## Your instructions
Please transcribe exactly, and only, the lines of the data below between the line holding "Cute Mushroom Camera" and the line holding "Leather Journal Notebook, A6", inclusive.

## Exercise materials
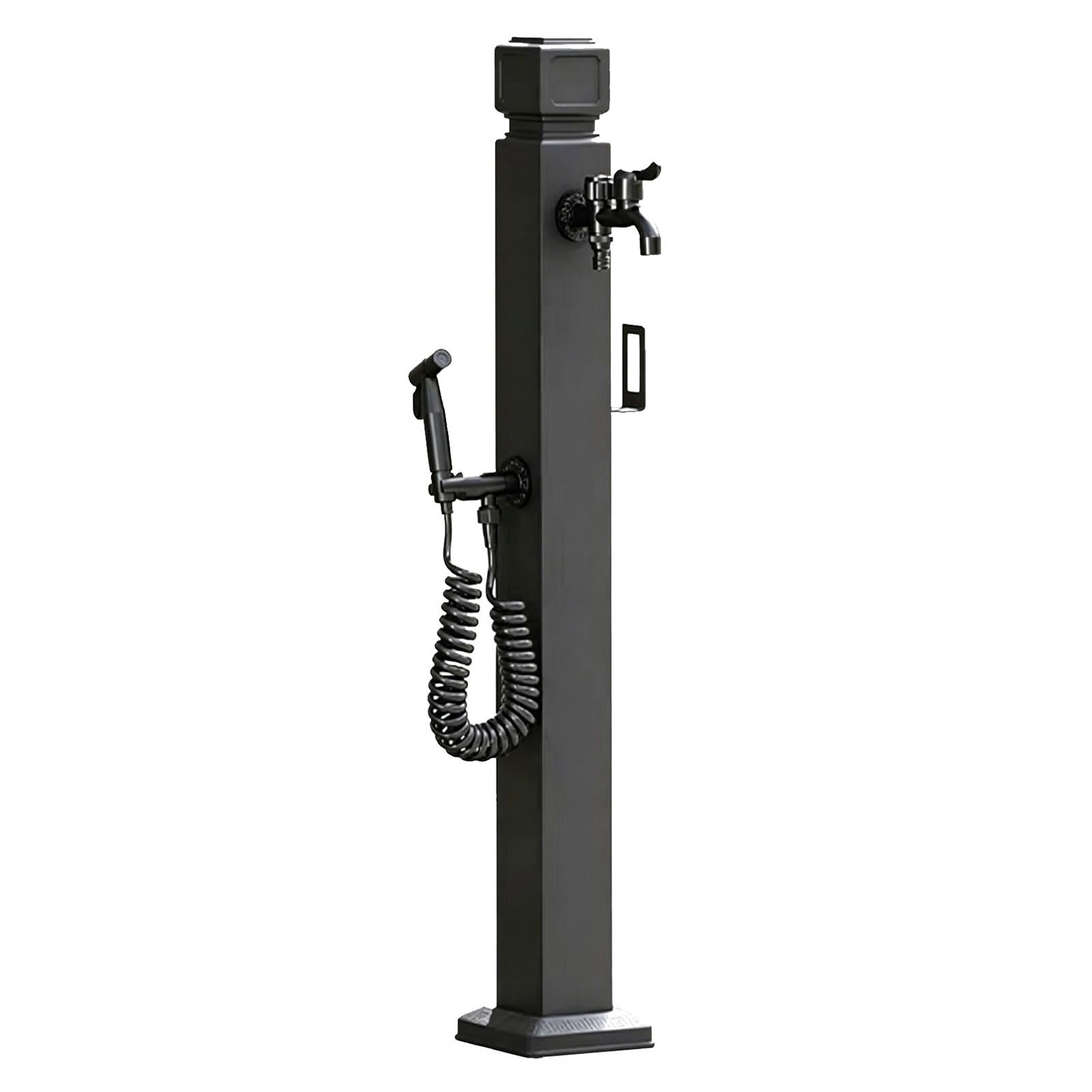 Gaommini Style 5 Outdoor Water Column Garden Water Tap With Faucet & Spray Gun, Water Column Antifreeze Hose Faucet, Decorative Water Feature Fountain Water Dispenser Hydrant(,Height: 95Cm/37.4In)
==
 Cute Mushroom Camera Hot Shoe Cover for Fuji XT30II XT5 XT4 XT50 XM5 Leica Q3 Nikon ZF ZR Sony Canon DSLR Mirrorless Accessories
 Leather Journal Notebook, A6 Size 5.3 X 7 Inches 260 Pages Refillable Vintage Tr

## Answer
 Cute Mushroom Camera Hot Shoe Cover for Fuji XT30II XT5 XT4 XT50 XM5 Leica Q3 Nikon ZF ZR Sony Canon DSLR Mirrorless Accessories
 Leather Journal Notebook, A6 Size 5.3 X 7 Inches 260 Pages Refillable Vintage Tr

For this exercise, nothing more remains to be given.